Location
- 1 Enterprise Dr. Tower, Minnesota 55790 United States
- 47°48′07″N 92°16′52″W﻿ / ﻿47.802°N 92.281°W

Information
- Type: public secondary
- Opened: 2013
- Administrator: Kevin Fitton
- Staff: 4
- Faculty: 6
- Teaching staff: 5
- Grades: 7-12
- Gender: coed
- Enrollment: 56 (2014 data)
- Average class size: 15
- Campus: rural
- Accreditation: Audubon Center of the North Woods/MN Dept. of Ed
- Website: https://www.vermilioncountry.org

= Vermilion Country School =

Vermilion Country School (VCS) is a public secondary charter school in Tower, Minnesota, United States. Most of the students reside in St Louis County, Minnesota in particular the communities of Tower, Soudan, Embarrass, Ely, Aurora, and Virginia. Vermilion Country School is a hybrid project based learning school where students complete projects based on Minnesota curriculum requirements in addition to attending individual classes for each subject. Education plans are individualized to each student and is overseen by a teacher/advisor. Each teacher/advisor is responsible for approximately 15 students in a class called an advisory. Mondays, Tuesdays, Thursdays, and Fridays are the standard days, while Wednesdays have a different structure to accommodate environmental education, associated projects, and the school's Big Circle school wide meeting. Wednesdays are also early release days to accommodate staff meetings/trainings during the year.

==History==
As far back as 2007, local citizens in Tower began thinking about better ways for children to be educated. When the public district tore down the high school in 2010 and the displaced students were bused to distant schools, plans for a grades 7-12 charter school began in earnest. The process was slow, with funding and facility challenges along the way. However, in December 2012, VCCS was awarded a $125,000 federal school start-up grant. Meanwhile area residents donated generously, and the City of Tower underwrote the remodeling of an unused manufacturing building".

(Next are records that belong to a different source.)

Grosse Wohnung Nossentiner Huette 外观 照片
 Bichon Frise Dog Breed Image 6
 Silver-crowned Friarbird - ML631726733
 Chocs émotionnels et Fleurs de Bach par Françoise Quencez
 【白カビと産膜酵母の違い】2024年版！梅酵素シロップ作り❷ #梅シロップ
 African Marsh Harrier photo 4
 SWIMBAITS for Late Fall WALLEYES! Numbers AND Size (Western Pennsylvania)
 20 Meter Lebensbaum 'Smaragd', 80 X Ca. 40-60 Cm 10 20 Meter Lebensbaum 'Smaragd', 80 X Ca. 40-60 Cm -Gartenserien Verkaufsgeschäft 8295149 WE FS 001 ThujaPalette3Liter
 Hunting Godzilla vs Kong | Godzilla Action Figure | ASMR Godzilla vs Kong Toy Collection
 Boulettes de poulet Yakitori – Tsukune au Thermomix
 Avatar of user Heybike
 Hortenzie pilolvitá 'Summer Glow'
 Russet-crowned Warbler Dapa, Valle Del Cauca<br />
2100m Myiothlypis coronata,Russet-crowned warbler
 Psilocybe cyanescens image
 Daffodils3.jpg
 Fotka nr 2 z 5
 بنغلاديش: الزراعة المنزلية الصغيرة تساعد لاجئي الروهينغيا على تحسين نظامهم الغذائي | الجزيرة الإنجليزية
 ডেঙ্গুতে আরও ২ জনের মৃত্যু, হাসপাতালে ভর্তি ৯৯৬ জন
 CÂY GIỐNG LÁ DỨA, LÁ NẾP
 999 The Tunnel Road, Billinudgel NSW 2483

The school has recently completed its fifth school year and has been renewed by their sponsor, Audubon Center of the North Woods, for another 5 year charter contract.

==Academics==
Vermilion Country School uses JMC/Google Docs as its learning management and grading system. Students complete projects by working with advisors to first outline their projects beforehand, log the time during, and then assessing the project for completeness in order to record earned credit for graduation. This allows all students to individualize their learning toward topics they have a personal interest in while still meeting Minnesota educational standards. New for the 2015-16 school year, the schedule was varied for students depending on how much structured time that particular student needed from almost all project time to almost all seminar/elective based.

Expo Day occurs near the end of the year to showcase projects that students have completed for their graduation requirements. This is also an opportunity for students to develop public speaking skills and polish their presentation skills for later in life. The public is invited to the presentation to see what student's have been working on.

==Culture and discipline==
Vermilion Country School is a student centered and team collaborative school model that attempts to address many of the difficulties that students who haven't been successful in a traditional school have faced. To that end, Vermilion Country School uses a restorative justice model when it comes to their discipline plan. The goal is not to be punitive, but to repair the damage done by those who choose to act in such a manner that is disruptive to the community.